Quale desio la tiene? Qual nuovo pensiero, qual sogno
su dal pallor notturno de la sua fronte sale?
Tenue Luna, o amanti dolcissima d'Eudimione;
cielo di perla effuso, pallido men di lei;
cielo che spandi al piano una neve impalpabile (come
placidamente cade sopra la arboree cime!);
tu, mar Tirreno, o letto remoto del Giorno (per l'aria
fanno gli odor terrestri altro invisibil mare);
Espero, e tu, o lungi ridente pupilla; e voi, larghi
paschi ove grandeggiando sazio (rassasié) s'attarda il bue;
torme d'olivi, e voi con braccia protese a la sera,
bianche nel bianco lume, religiose; e voi
tutte, apparenze de la divina Bellezza ne'puri
occhi, non mi rapite l'anima sua; ma fate,
s'io v'adorai, ma fate che l'anima sua forse stanca
volgasi a me, piangendo, con infinito amore.
Voici une courte pièce d'assez curieuse impression: Il Meriggio (l'heure de midi).
Era un silenzio orrendo, lugùbre: Il piu cupo (profond) che in terra
sia stato mai. Le tombe tutte pareano aperte,
sotto quei cieli. Nulla viveva. Nessuna apparenza
era terrestre, in quella luce infinita eguale.
Entro la sua gran chiostra di boschi il lago raggiava (rayonnait)
sacro, aspettando la promessa vittima.
Ben eri tu, o Sole, a mezzo dei cieli alto, quando
io la promisi! Tutto era silenzio.
Le tout étant d'une lecture assez fatigante je ne puis pas te parler encore d'impression générale.
A plus tard donc les suites de mes considérations sur la littérature italienne moderne, laquelle commence à me décourager!
[5]
— Quoi de neuf à Bruxelles?
Mon frère me parle d'une troupe allemande qui est venue donner des représentations, entre autres de Heimat de
Südermann.
[5] Connais-tu la pièce? Elle me semble intéressante d'après du moins ce que
Georges m'en dit.
J'ai été promener ce matin à la campagne: le soleil s'était enfin voilé & j'ai pu sortir de Bologne. L'air était chaud, pesant, immobile, avec des vapeurs basses qui descendaient sur les montagnes. Il fait tout-à-fait estival. C'est partout un merveilleux entrelacement de fleurs parmi les branches vertes. J'en devenais presque idyllique & j'ai écouté avec délices "le doux gazouillis des oiseaux" qui est une bien curieuse trame de cris discordants. Comme le véritable printemps est différent de toutes les sottes descriptions qu'on nous en fait lire dans les athénées & autres lieux innomables. Rien à dire, nous avons redécouvert la nature dans ce siècle.

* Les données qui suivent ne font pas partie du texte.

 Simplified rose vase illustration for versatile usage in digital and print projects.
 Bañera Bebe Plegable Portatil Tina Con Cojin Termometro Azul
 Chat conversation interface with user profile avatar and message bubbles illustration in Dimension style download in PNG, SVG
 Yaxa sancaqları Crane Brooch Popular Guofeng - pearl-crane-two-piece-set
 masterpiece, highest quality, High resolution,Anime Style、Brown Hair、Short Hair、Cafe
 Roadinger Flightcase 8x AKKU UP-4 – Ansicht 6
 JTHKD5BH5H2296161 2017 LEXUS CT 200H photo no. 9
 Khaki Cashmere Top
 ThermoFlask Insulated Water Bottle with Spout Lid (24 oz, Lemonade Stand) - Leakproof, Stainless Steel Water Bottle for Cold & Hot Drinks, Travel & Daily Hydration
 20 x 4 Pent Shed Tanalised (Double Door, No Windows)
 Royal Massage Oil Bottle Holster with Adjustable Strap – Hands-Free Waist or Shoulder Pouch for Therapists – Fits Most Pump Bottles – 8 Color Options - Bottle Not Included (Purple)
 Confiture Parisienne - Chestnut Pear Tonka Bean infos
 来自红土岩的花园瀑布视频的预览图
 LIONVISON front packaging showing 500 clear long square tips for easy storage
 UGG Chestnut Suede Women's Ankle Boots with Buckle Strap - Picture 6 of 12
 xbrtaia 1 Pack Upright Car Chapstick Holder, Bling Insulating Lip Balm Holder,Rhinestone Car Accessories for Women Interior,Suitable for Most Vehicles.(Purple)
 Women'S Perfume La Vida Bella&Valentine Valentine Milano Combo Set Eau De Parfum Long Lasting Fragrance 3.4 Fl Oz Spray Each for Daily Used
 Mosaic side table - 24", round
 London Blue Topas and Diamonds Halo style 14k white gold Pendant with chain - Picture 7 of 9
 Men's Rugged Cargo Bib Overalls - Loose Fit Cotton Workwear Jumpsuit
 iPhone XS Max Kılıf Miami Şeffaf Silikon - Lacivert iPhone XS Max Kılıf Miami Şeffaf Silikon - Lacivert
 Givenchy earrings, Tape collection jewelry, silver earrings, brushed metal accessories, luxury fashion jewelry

— Bologne a chaud & boit des bibite gazose dans tous les édicules qui semblent être sortis des pavés dès que la chaleur est venue. On fêtera ici également le 1er mai. Les bons bourgois ont peur, bien qu'il n'y ait pas le moindre désordre à craindre. En dehors de cela peu d'évènements: on va donner prochainement i Pagliacci opéra de Leoncavallo[,] un émule de Mascagni — & il y a au Brunetti une actrice napolitaine qui chante très mal mais qui est une superbe femme. Voilà à quoi se réduisent les spectacles intellectuels de Bologne.
Là-dessus, vieux zig, je te serre cordialement les pattes et vais me coucher très paresseusement. Il est onze heures & j'ai passé ma journée à écrire des lettres. Je vais à présent dormir sur mes lauriers. J'espère bien que nulle de nos épistoles ne se perdra plus en route. Bonsoir, je t'embrasse fraternellement.